Van Schaick and Company
- Industry: Investment services
- Founded: 1857
- Founder: Jacob Van Schaick
- Defunct: 1911
- Fate: "Nelson Act" bankruptcy
- Headquarters: 7 Wall Street, New York City, New York, United States
- Area served: United States
- Products: Investment Banking Investment management

= Van Schaick and Company =

Former U.S. investment company

Van Schaick and Company was an investment company that operated on the East Coast of the United States between 1857 and September 1911, when it fell victim to the Panic of 1910–1911. The company declared bankruptcy September 12, 1911, after it was unable to pay a bill of $100,000 out of a total debt of $600,000 (1911 dollars).

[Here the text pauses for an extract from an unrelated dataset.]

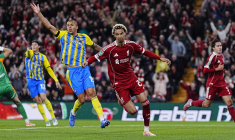 Hugo Ekitike sanctionné par Liverpool après son carton rouge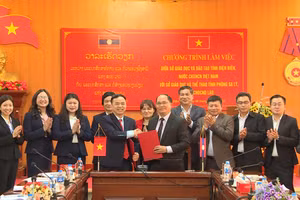 Đại diện lãnh đạo Sở GD&ĐT tỉnh Điện Biên và Sở Giáo dục & Thể thao Phong Sa Lỳ (Lào) ký kết biên bản hợp tác.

At the time, the company had assets exceeding $13.5 million.

The company was founded on Oct. 7, 1857 by Jacob Van Schaick, who kept control of the company within his family. When the company declared bankruptcy, it was being managed by John B. Van Schaick and junior partner Derby Crandall, who rose to that position in 1907 after the death of managing partner A.S. Gorham. At the time of its bankruptcy, the company operated branch offices in Jersey City and Baltimore, Maryland, from its New York City headquarters.

Notable individuals who used Van Schaick and Company as their confidential broker included Edward B. Wesley, Jay Gould, and Russell Sage.